For decades Tracey Emin has been synonymous with provocative and sexually explicit art, inspiring a generation of female artist who explore womanhood and feminism.
Emin emerged in the art world during the 1980s as part of the Young British Artists movement (YBAs), with controversial pieces such as My Bed. She had her first solo exhibiton at the White Cube gallery in London in 1994 entitled My Major Retrospective and a year later she opened the Tracey Emin Museum in Waterloo. She rose to fame with her 1995 piece Everyone I have Ever Slept With, 1963-1995.
In 2007 Emin became the second female artist ever to represent Britain at the 52nd Venice Biennale. That same year, she was made a Royal Academician and was awarded an Honorary Doctorate from the Royal College of Art, a Doctor of Letters from the University of Kent and a Doctor of Philosophy from London Metropolitan University.

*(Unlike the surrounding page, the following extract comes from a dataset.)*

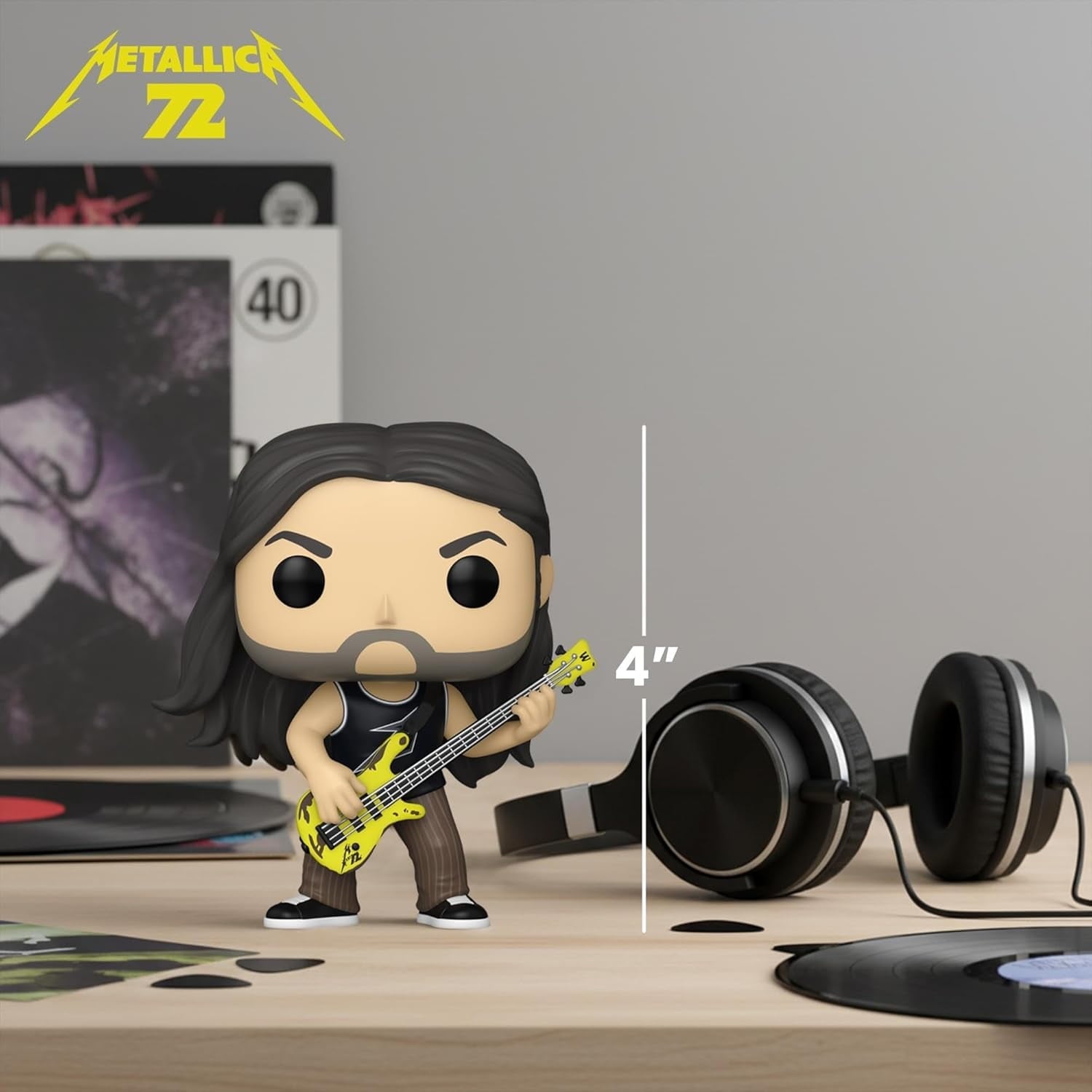 Funko Pop! Rocks - Metallica 72 Seasons Vinyl Figures - Select Figure(s)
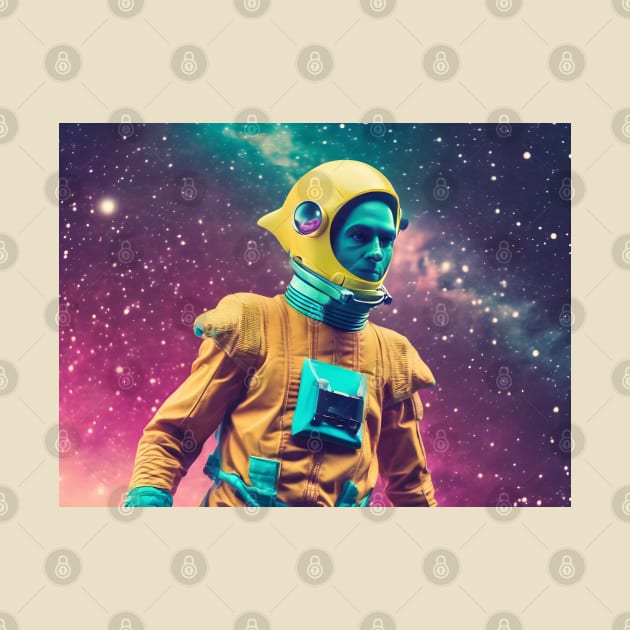 Retro Spaceman by Dead Galaxy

In 2011, Emin became the Royal Academy’s Professor of Drawing, and in 2012 was appointed Commander of the Most Excellent Order of the British Empire for her contributions to the visual arts.
Emin features in public and private collections around the world, including the National Portrait Gallery and the Tate Gallery in London, the Museum of Modern Art in New York, Hara Museum in Tokyo, Museum van Loon in Amsterdam and Centre Georges Pompidou in Paris.